The Lightning Field

Three hours southwest of Albuquerque is one of the most significant icons
of contemporary art in the world . . .
400 polished steel poles whose peaks form an exactly even plane

The Lightning Field by Walter De Maria was commissioned by the Dia Foundation remote in 1977.

On a flat plain 7200 feet above sea level, the work consists of 400 polished stainless steel poles, tooled to perfect points at the top. From east to west are mile-long rows of 25 poles; north to south sixteen poles stretch for a kilometer. The engineering feat here was to set the poles so that their peaks form an exactly even plane.

There is nothing spontaneous about visiting this place. You must make a reservation well ahead of time and plan to stay overnight in a log cabin adjacent to the site. The cost is $85 per person. The cabin holds up to six people. If your companions don't fill the cabin it is possible that you will share it with strangers.

Your needs will be met with wholesome food, clean beds and baths, but this is no four star hotel. The cabin is there to make it possible for visitors to witness the gradual—but spectacular—changes of light between day, sunset, night and sunrise.

The Lightning Field is an elaborately wrought installation that becomes glorious for a split second when the slanting rays of departing or rising sun illuminate the poles in a sequence across the field so fleeting one wonders if it were a mirage. For those who are open to the experience, all of this preparation and commitment leads to a retreat for the spirit.

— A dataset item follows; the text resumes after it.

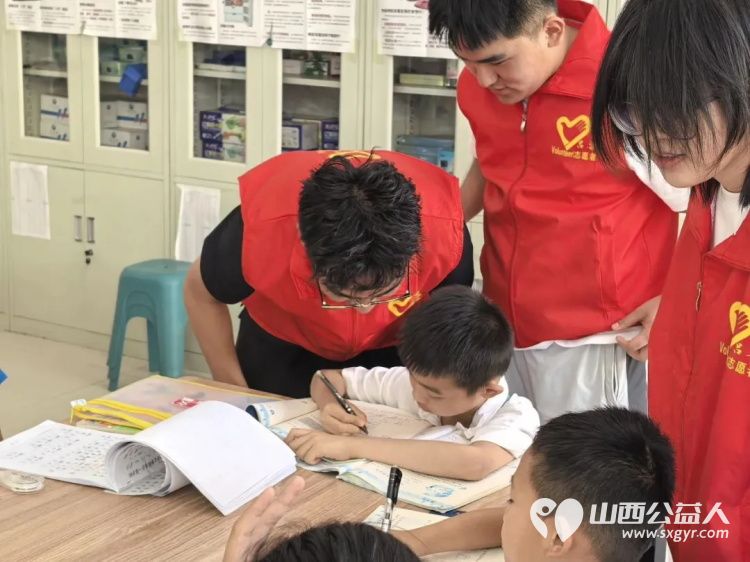 青春绽芳华这些瞬间太燃了！吕梁市离石区青年志愿者协会2025年学生暑期社会实践活动总结表扬会 - 第18张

Susan Hallsten McGarry visited the field in the summer of 1993. She reported to us that, "The Lightning Field bares your soul. It a bare place, a bare cabin in a bare field. It accentuates the open space of the country. The mountains far away on the horizon make an almost perfect ring. I would stress whom you go with because the poles are just the trigger. The real explosion is in what occurs within the group of visitors."

Artist Jack Richards of Savannah, Georgia said, "The Lightning Field was profound. I loved the space and the solitude. It was nice being left alone at times to have a chance to experience that aspect of the earthwork." The field serves its visitors as the background for private rituals. Jackie Shaefer, also from Georgia, and three women artists visited the field together. She wrote, "I wonder what Walter De Maria's response would be if he had witnessed my group on that last morning. As a final climax to our stay, we formed a square by each one of us standing in front of a pole while chanting crone energy."

To reach the field, take I-40 West approximately 70 miles to Route 117 South. This exit is at the Stuckey's gas station 7 miles before Grants. Follow Route 117 78 miles into Quemado to the Dia office, the two-story white building is the only such structure in the town. The caretaker, either Robert Weathers or his wife Karren, will pick you up at 3:00 p.m. and drive you to The Lightning Field, a trip that takes another hour over rough roads.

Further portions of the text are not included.